Here are three reasons why.

  • It will help them avoid cutting economic security programs on which people rely during the crisis. Health care, food assistance, and cash assistance help people keep their homes, stay healthy, and put food on the table, especially with job opportunities down and up to 43 million people in danger of losing their employer-sponsored health coverage. Using rainy day funds can ensure that these supports are available to all eligible families when they need them the most. Otherwise, states may cut these services, likely worsening the crisis as people get evicted from their homes or can’t afford healthy food.
  • It will buy them time to enact policies that put families and communities first. Tapping rainy day funds can let states take a more measured budget-balancing approach that preserves spending needed during a recession and lays the groundwork for a more equitable recovery. Unlike the federal government, states must balance their budgets each year. But the fastest measures that states can often take — especially drastic budget cuts — can deepen and prolong recessions while further raising barriers to prosperity for low-income people and people of color. Following the Great Recession of about a decade ago, states relied too heavily on cuts that helped create unemployment systems that are ill-equipped for today’s economy and that led to permanent teacher shortages. States also imposed higher fines and fees, which ask the most from people with the least ability to pay, particularly low-income communities of color.
  • It will keep money flowing through state economies. Taking money out of state savings and putting it to work during an economic downturn makes good sense. It keeps money circulating through the state’s economy and minimizes layoffs and furloughs for first responders, teachers, health care workers, and others who are especially needed during the pandemic. Rainy day fund spending also helps fuel state economies when people can’t buy as much because so many are out of work.

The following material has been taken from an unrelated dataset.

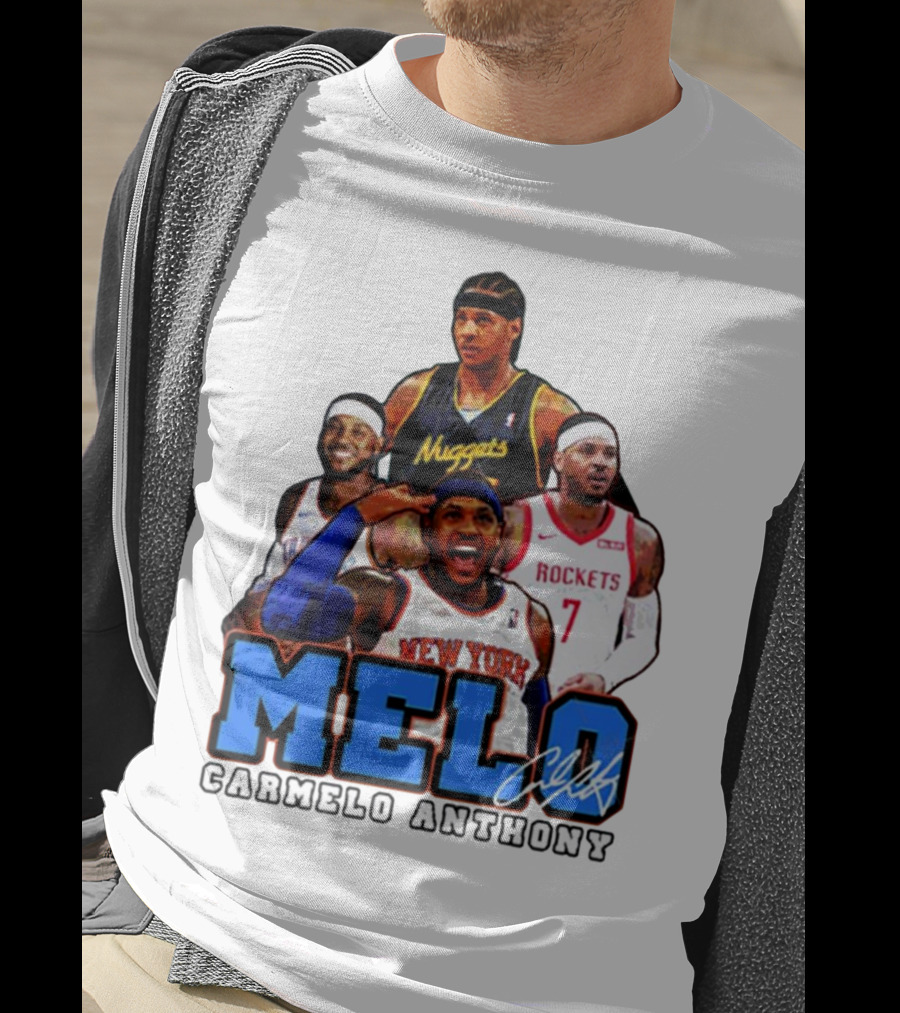 Carmelo Anthony Melo NYC New York Knicks Basketball KnicksTape T-Shirt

State rainy day funds are at record highs, and tapping them won’t likely harm states’ bond ratings or ability to borrow. Credit rating agencies generally expect states to draw on the funds during a recession or natural disaster. And they likely won’t downgrade states’ credit, assuming that states rebuild those reserves after the recession ends, as most have done since the Great Recession. Forty states tapped their funds from 2008 to 2010 in response to the recession, but only five suffered a credit downgrade from Moody’s Analytics during that time.

Never using a rainy day fund is equivalent to not having one. States risk very little by tapping those funds, which were designed for an emergency like the COVID-19 pandemic. Not doing so risks repeating the mistakes of the Great Recession. States should chart a different path this time.